Kurt Waldheim has pronounced himself "happy" with the findings of an international panel of historians commissioned by his government to investigate his service with the German army in World War II. The Austrian president, if he is indeed happy, must be among the world's more easily satisfied people. For what the historians concluded after five months of research is that Waldheim never opposed a wartime order that he recognized as unjust, that he "repeatedly went along with unlawful acts," and that his claim that he knew nothing about deportations of Greek and Yugoslav civilians to Nazi death camps could not be believed. By any standard of judgment this is not a vindication but an indictment.

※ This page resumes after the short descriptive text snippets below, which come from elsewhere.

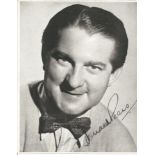 Donald Peers signed 10x8 vintage photo. Good Condition. All autographs are genuine hand signed and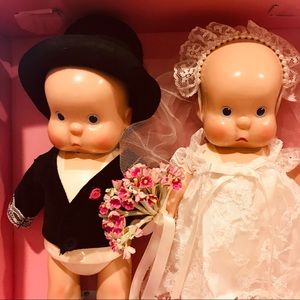Vintage HEbee & SHEbee wedding dolls collectible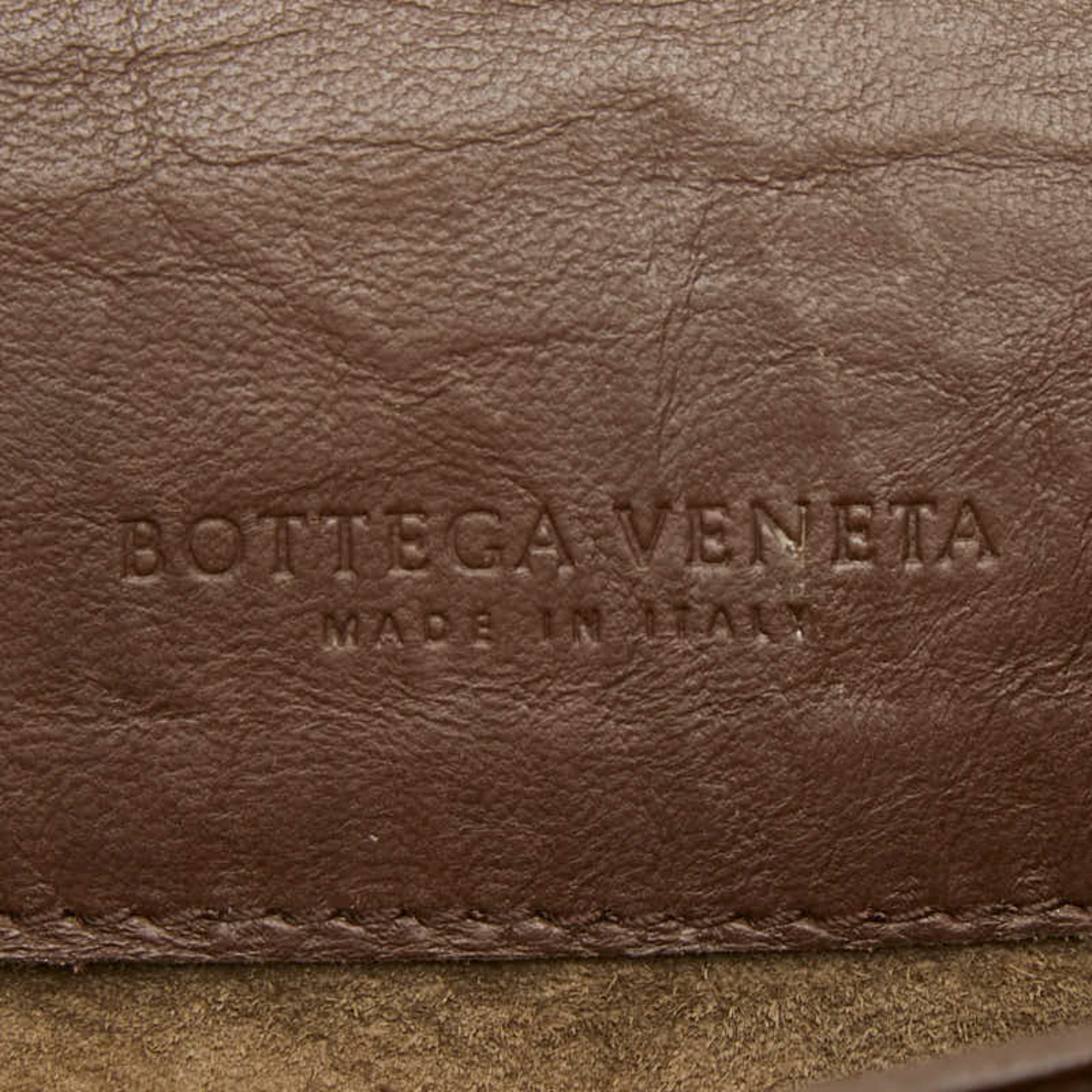 Bottega Veneta Brown Leather Shoulder Bag Tote Bag (Pre-Owned)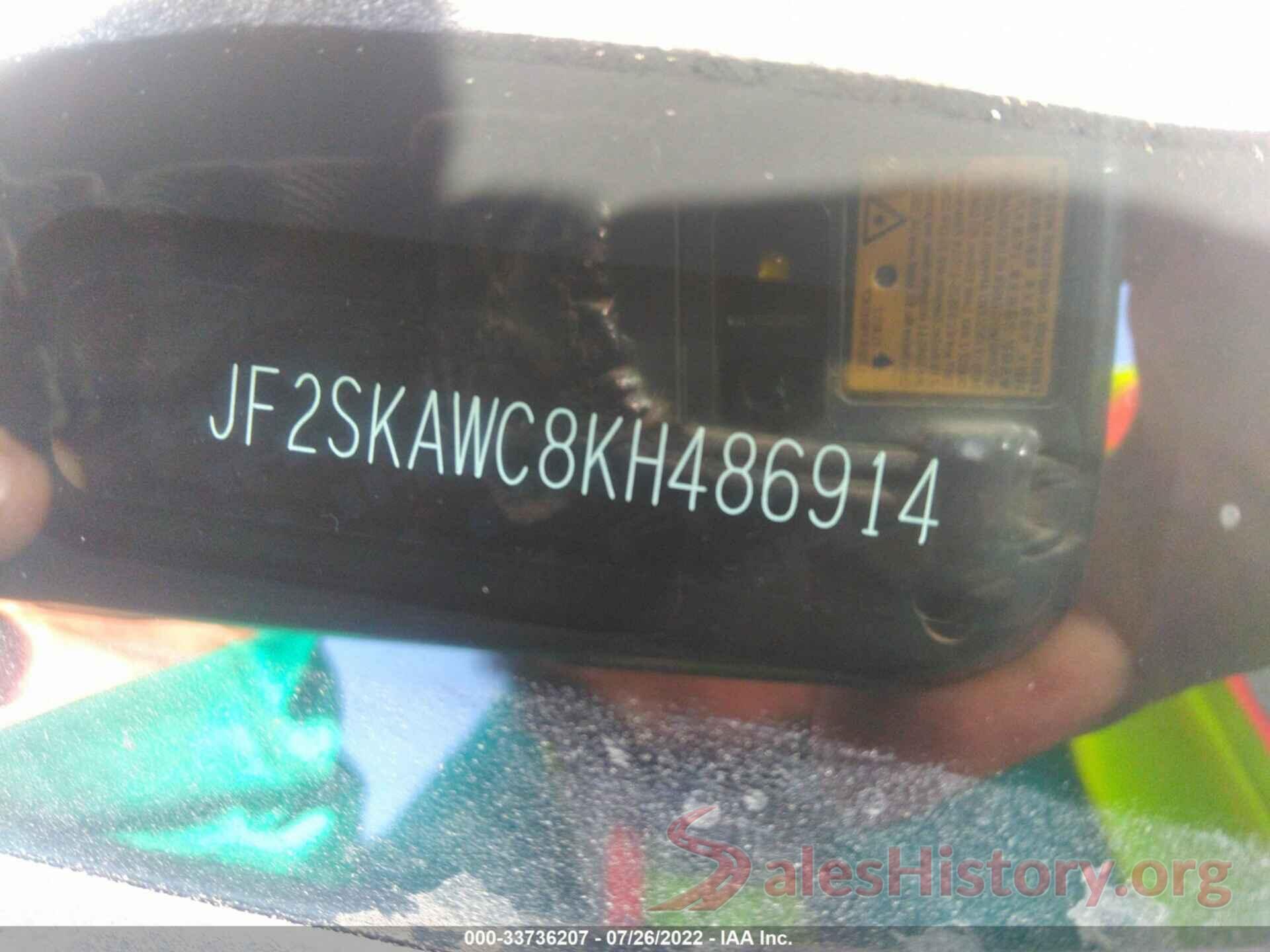 JF2SKAWC8KH486914 2019 SUBARU FORESTER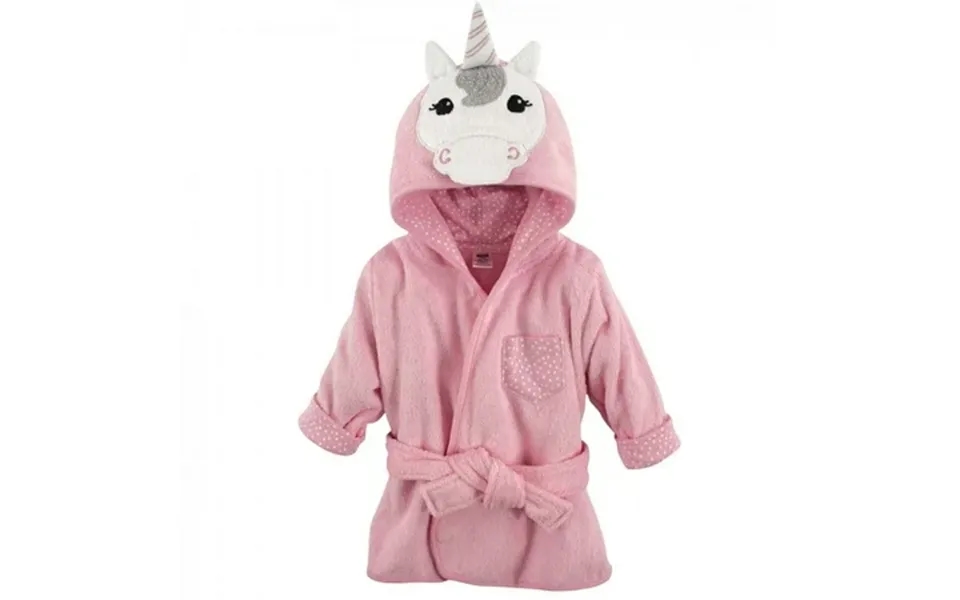 Hudson Baby Infant Girl Cotton Animal Face Bathrobe Unicorn 0-9 Months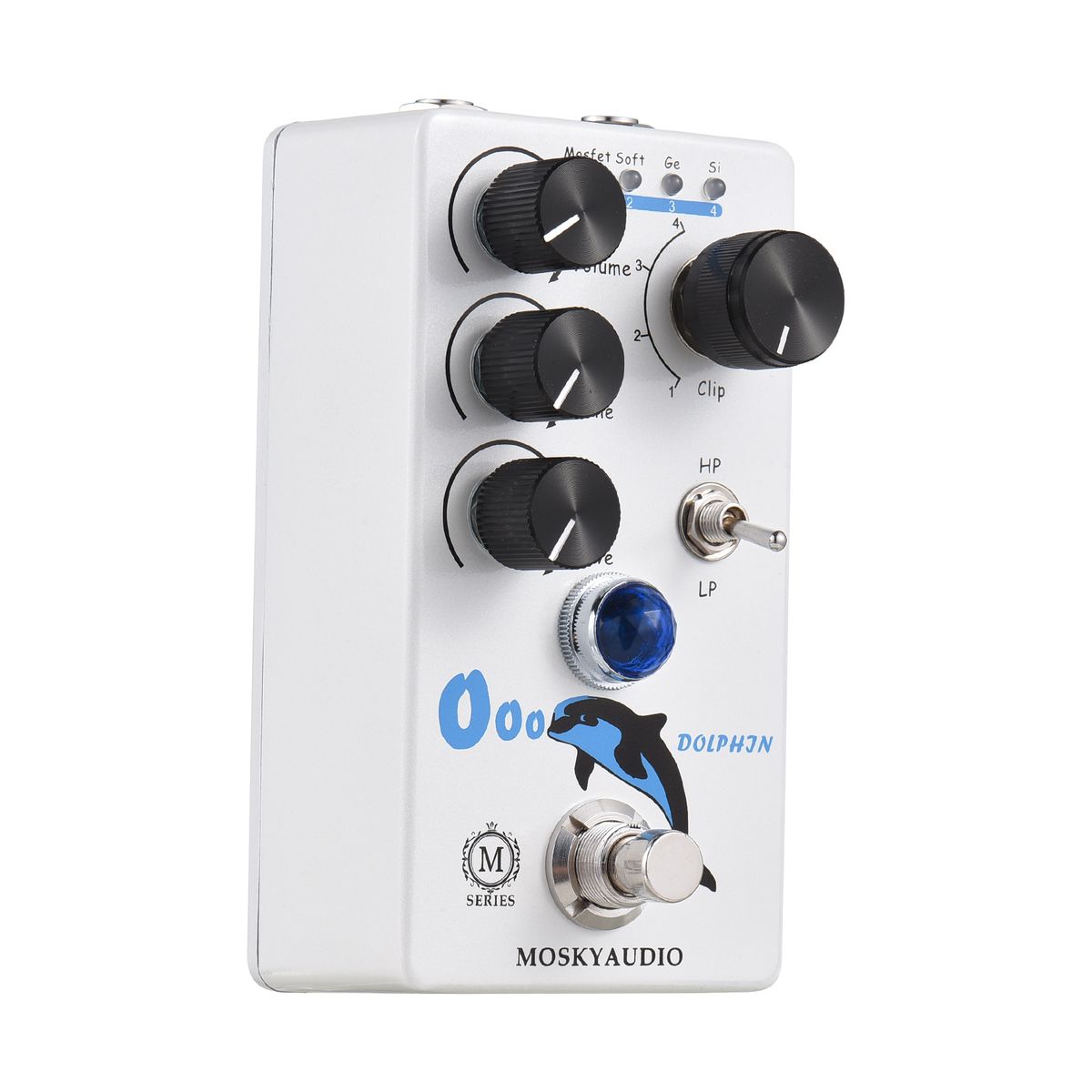 MOSKYAudio Distortion/Overdrive Guitar Effect Pedal 4 Mode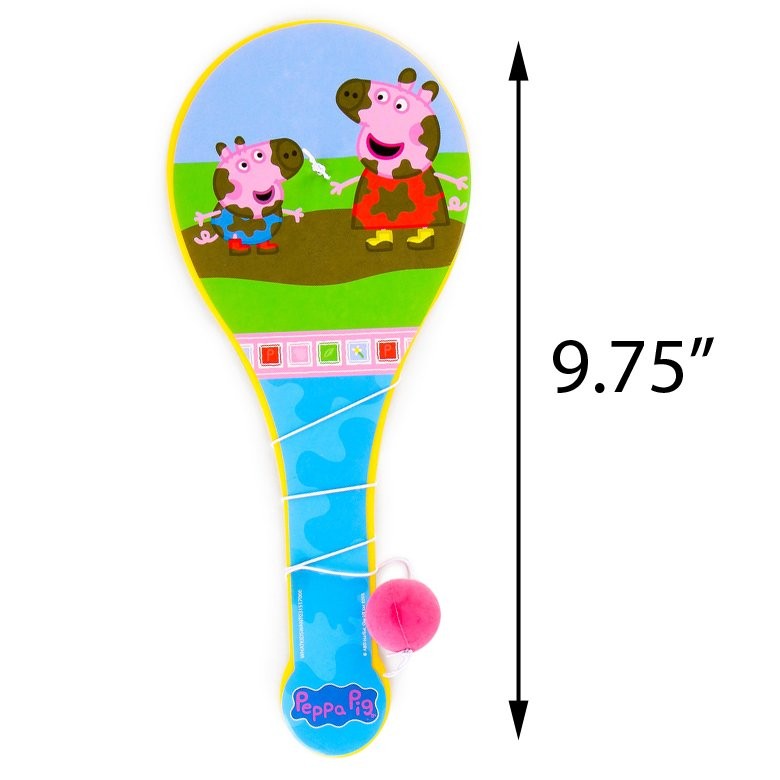2 Pack Peppa Pig Paddle Ball Indoor Outdoor Family Travel Toy Game, view 5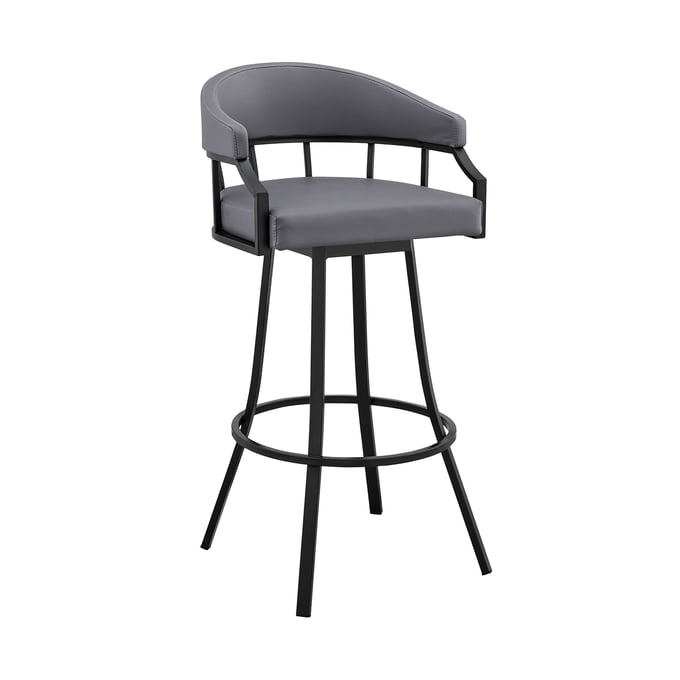 Luxur Living Hiradgaon Slate Grey Black 26 Inch Bar Stool LUX-795044878196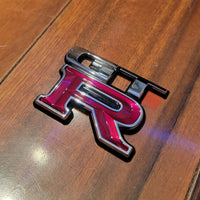 Nissan R34 Skyline GT-R Trunk Rear Emblem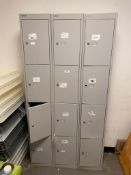 3 x Upright Four Door Staff Lockers - Keys Not Included - Ref: BK196 - CL686 - Location: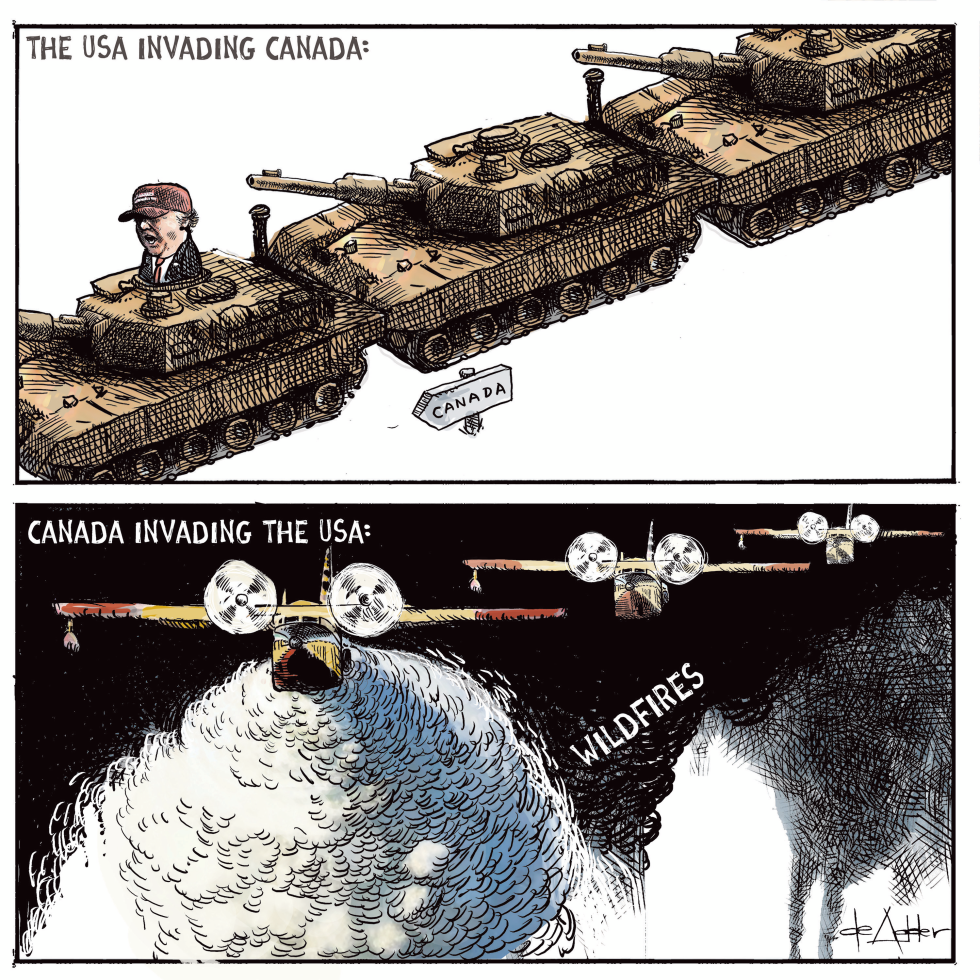 The US invading Canada
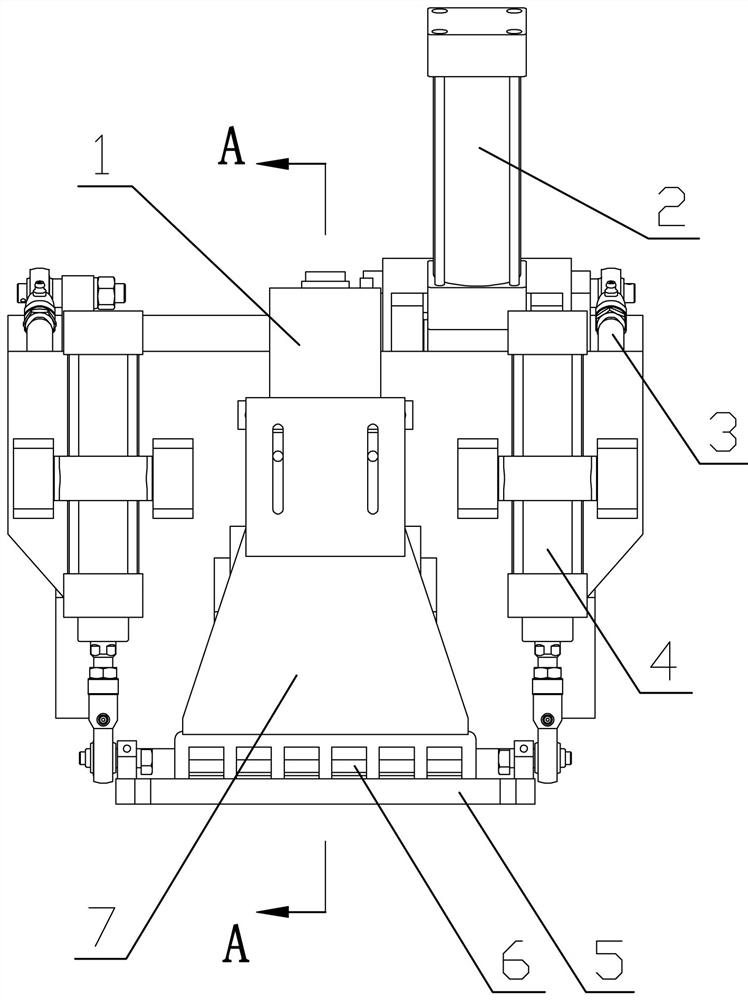 Valve bag high-frequency rapid heating sealing device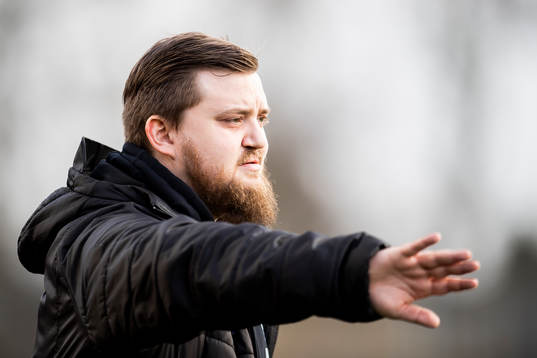 Kalmars tränare Joakim Lindén Johansson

What then has brought supposed joy to Waldheim's heart? The answer is that the historians found no evidence tying Waldheim directly to the commission of war crimes. That isn't the same thing as absolving him from the allegations of such activities. In its report the panel notes that "the question of Waldheim's culpable behavior during the war cannot be conclusively answered." The commission said that it is prepared to reopen its investigation if further evidence should emerge.
Such evidence may exist. The U.S. Justice Department, which last year put Waldheim on a not-welcome list for future entry into the United States, informed the commission that it had evidence implicating him "in (wartime) acts which clearly constitute persecution under established legal precedent." For reasons that it refuses to disclose, the department did not provide this evidence to the commission.